What Do These Measurements Show?
What these measurements show are anomalies like small glitches and stutters that you can sometimes (and please do read that well, sometimes) see on screen. Below I'd like to run through a couple of titles with you. Bear in mind that Average FPS often matters more than frametime measurements.
Above, the percentile chart of a 31 second recording @ 2560x1440. Here we plot FPS and place it in relation to percentiles. 50% of the time measured frames is the average framerate (higher = better). So in the first 31 seconds the Vega 64 is pushing almost 60 FPS and the GTX 1080 57'ish.

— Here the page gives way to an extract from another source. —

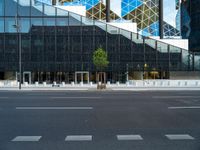 a view of a glass building on a city street with trees in the foreground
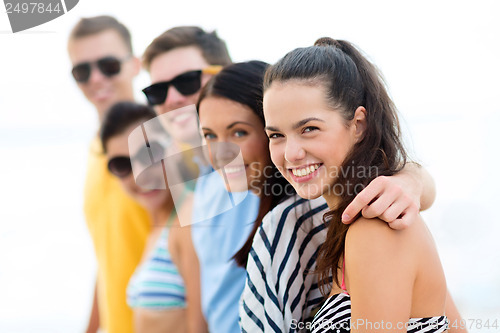 Image of group of friends having fun on the beach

The benchmark sequence is a rough one, you will see a minor stutter here and there, especially when polygon rich objects come into play. We see a few frame drops and a full stutter nearing 40ms.
With this chart, lower = better. Huge spikes above 40 ms to 50 ms can be considered a problem like a stutter or indicate a low frame-rate. As you can see the Vega 64 card has a more hard time with the benchmark sequence, and that is visible on screen as you can see a couple of stutters. I noticed this with pretty much all Radeon cards visually on screen. It's a notch worse compared to the GTX 1080 alright, but nothing overly dramatic though.
And combined, the cards both perform quite well overall, but the generic consensus is that they do exhibit a stutter here and there.